Those look great! I've tried all the different ones as well and can't seem to come up with anything much better than the dacron line many use which I have to tied multiple knots in to get it to stay. Definitely going to give these a shot. Thanks for sharing!


----------



## Cajunsaugeye (Apr 9, 2013)

Why no love for the speed stops?!?! They literally take 10 seconds to put on,don't weaken your line,and as long as you wrap around as instructed,will not slip unless you adjust it.I've used them for years would NEVER switch to having to use pliers or those stupid knots you get either too tight and can't adjust or too loose and won't stay.And they don't interfere one bit with casting.Am I missing something here?


----------



## papaperch (Apr 12, 2004)

Cajunsaugeye said:


> Why no love for the speed stops?!?! They literally take 10 seconds to put on,don't weaken your line,and as long as you wrap around as instructed,will not slip unless you adjust it.I've used them for years would NEVER switch to having to use pliers or those stupid knots you get either too tight and can't adjust or too loose and won't stay.And they don't interfere one bit with casting.Am I missing something here?


Glad the speed stops work for you. If you are that satisfied with them then of course why try anything else. The Arnold speed stops are the ones shaped like a dog bone and you are supposed to wrap the line around the middle. They worked well for me until I moved them. They had a tendency to cork screw my mono permanently. The other plastic stops had four tiny holes drilled in line and also screwed my mono up when moved.

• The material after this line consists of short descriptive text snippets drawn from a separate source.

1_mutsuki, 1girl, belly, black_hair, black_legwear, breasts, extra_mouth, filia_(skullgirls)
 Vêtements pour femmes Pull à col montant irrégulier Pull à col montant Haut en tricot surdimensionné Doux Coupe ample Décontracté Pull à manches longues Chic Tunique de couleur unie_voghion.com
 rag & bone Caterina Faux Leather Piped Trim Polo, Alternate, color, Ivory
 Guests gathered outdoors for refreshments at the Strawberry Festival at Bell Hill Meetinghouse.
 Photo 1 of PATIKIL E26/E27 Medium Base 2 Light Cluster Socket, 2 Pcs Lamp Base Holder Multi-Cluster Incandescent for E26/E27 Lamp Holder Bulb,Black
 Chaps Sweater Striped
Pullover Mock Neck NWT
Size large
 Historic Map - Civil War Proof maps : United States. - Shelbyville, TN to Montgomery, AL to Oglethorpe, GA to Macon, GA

Believe me I have tried every thing you can think of. Been playing with them for well over 50 years. Before they came out with the super braided lines I used to lose about a gross of slip bobbers every year.

I asked owner thru email about even smaller bobber than the mini. For ice fishing use. Two days later he responded and said check back this fall as they are working on it.

Now using the braid as a main line and mono as a six foot leader. I always get the bobbers back when snagged. The beauty part of it is . I never have to cut my line to change anything. Once I set my slip bobber poles up they are good to go on until I have to change main line .


----------